- Adding rendered images for words on Memrise (Python script)
- Rendering text to PNG image files (Python script)
- Devanāgarī resources
- Tocharian resources
This is a collection of resources I have created/compiled for several (image based) Memrise courses, that teach alphabets such as Devanāgarī.
Adding rendered images for words on Memrise (Python script)
This is a script with a Graphical User Interface (GUI) that allows you to access the editing page of Memrise course through a browser window and render the words of the course's levels, adding those rendered images to the words in a (pre-existing) image column. The rendering engine can be selected through the GUI and can be either Pango or XeLaTeX. The script only processes those course levels in the browser window that are open/unfolded.
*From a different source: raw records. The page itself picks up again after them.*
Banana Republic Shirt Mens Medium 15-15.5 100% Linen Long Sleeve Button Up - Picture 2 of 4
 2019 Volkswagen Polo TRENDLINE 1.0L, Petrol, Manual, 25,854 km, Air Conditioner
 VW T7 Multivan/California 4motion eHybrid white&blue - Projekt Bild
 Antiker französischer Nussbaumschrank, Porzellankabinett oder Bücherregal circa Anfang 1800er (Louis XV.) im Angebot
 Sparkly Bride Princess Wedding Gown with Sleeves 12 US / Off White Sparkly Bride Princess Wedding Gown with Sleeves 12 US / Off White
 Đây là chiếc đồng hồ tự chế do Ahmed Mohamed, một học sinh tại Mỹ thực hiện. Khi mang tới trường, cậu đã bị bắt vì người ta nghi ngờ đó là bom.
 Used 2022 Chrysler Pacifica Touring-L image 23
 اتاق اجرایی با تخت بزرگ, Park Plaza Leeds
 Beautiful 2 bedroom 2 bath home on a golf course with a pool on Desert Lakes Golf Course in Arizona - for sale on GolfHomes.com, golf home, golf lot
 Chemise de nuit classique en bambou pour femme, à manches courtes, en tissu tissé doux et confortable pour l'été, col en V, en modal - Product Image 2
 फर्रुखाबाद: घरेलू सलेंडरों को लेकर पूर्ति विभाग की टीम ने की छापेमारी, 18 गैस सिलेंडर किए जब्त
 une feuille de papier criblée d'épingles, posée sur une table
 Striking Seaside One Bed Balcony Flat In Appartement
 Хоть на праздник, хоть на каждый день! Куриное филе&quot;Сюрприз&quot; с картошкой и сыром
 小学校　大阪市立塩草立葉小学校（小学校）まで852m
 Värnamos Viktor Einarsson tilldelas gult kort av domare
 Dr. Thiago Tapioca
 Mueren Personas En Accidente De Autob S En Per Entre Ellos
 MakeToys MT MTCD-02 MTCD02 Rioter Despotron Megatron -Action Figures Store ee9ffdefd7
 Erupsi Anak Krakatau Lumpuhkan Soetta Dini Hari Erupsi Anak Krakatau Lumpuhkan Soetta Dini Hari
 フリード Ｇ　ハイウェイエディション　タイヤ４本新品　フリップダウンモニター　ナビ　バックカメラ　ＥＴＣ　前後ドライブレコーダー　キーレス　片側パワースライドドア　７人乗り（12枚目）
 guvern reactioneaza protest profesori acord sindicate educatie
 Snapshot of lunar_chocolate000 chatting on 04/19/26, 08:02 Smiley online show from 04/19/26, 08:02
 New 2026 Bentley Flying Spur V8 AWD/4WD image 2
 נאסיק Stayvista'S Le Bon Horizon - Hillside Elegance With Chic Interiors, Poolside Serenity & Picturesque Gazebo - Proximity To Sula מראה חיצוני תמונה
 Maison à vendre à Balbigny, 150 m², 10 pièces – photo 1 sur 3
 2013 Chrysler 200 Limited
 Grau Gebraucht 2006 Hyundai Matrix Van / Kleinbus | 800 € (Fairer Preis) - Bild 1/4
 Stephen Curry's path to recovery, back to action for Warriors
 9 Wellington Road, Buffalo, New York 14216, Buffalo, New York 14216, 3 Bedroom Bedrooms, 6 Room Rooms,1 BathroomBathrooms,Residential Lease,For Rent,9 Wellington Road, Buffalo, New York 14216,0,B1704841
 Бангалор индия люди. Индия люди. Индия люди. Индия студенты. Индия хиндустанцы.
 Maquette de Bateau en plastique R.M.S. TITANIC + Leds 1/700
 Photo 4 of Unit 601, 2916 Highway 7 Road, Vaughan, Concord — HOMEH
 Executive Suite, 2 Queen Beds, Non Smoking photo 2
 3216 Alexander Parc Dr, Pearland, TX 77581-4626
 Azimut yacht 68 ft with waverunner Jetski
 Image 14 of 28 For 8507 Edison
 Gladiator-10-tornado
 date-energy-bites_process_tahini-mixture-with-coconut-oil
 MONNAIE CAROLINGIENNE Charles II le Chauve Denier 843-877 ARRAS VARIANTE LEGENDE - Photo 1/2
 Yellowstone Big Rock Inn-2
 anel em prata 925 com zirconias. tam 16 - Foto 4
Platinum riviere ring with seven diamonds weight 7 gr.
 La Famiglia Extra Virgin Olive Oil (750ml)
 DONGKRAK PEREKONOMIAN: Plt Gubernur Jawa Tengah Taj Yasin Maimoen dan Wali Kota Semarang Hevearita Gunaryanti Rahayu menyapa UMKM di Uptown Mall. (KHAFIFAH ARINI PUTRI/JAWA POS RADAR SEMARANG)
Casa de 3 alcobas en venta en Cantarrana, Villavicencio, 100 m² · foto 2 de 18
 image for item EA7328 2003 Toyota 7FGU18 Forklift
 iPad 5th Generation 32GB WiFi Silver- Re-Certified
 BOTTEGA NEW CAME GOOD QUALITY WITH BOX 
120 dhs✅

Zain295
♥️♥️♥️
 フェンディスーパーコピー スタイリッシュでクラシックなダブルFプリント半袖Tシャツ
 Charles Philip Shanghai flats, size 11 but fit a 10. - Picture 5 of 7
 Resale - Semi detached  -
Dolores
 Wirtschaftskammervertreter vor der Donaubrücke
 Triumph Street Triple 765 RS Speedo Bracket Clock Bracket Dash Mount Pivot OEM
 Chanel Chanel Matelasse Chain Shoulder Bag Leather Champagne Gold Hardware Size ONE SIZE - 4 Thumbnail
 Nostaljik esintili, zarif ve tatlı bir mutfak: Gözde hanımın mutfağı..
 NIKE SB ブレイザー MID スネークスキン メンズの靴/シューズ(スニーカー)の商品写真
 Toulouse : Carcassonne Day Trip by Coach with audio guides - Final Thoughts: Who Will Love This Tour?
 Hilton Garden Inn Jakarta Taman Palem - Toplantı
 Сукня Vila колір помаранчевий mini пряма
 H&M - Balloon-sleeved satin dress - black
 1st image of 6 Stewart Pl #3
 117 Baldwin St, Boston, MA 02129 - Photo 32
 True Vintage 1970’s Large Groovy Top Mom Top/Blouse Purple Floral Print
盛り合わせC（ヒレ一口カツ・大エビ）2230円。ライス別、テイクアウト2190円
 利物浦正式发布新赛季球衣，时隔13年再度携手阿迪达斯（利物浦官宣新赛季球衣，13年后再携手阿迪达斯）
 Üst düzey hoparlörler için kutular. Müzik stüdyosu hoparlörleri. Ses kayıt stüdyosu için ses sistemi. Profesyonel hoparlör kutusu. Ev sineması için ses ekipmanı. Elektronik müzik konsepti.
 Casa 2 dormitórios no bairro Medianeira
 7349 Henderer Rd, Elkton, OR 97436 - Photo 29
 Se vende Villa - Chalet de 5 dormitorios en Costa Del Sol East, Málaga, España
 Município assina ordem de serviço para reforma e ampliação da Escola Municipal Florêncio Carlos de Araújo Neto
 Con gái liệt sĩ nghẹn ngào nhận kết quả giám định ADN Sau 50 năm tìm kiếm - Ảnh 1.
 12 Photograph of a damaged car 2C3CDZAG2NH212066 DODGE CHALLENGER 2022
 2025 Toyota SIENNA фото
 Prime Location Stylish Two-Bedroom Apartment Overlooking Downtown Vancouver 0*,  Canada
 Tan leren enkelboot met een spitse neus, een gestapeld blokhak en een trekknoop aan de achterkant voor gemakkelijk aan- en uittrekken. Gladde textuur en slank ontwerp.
usage: render_words_on_memrise.py
Besides Python 3, the script relies on further third party software, in order to access Memrise through a browser window and to render the images. Therefore, the following programs need to be available on your system and callable by the script (by either having their executables in the working directory of the script, or by having their executables included in the operating system's PATH variable).
- For access to Memrise through a browser window, either of the following programs needs to be available:
- ChromeDriver for use with the Google Chrome browser.
- geckodriver for use with the Firefox browser.
- For rendering an item to a PNG image file that is subsequently uploaded to Memrise, the following programs need to be available:
- ImageMagick.
- Additionally, in case XeLaTeX is chosen as the rendering engine, a TeX distribution and Ghostscript are required.
Rendering text to PNG image files (Python script)
This is a script that generates PNG image files for a set of characters, as specified in a JSON file. It calls ImageMagick for creating the PNGs and uses either Pango or XeLaTeX to render the characters.
usage: render_strings_to_png [-h] --engine {pango,xelatex}
JsonSpecificationFile
The same prerequisites as for the previous script apply.
The JSON specification has two main attributes: settings
and subsets
. They are further specified below. The top level structure of the JSON file is therefore:
{
"settings": {...},
"subsets": {...}
}
This contains specific settings for the data set:
- The name for this character set (which will be used to create an output directory)
- The default font (optional) to be used for rendering
- A skeleton for the Pango argument string to be fed to ImageMagick (in the case that the Pango rendering mode is selected at the command line).
- A skeleton for the XeLaTeX code to be executed to an intermediate PDF (in the case that the XeLaTeX rendering mode is selected at the command line).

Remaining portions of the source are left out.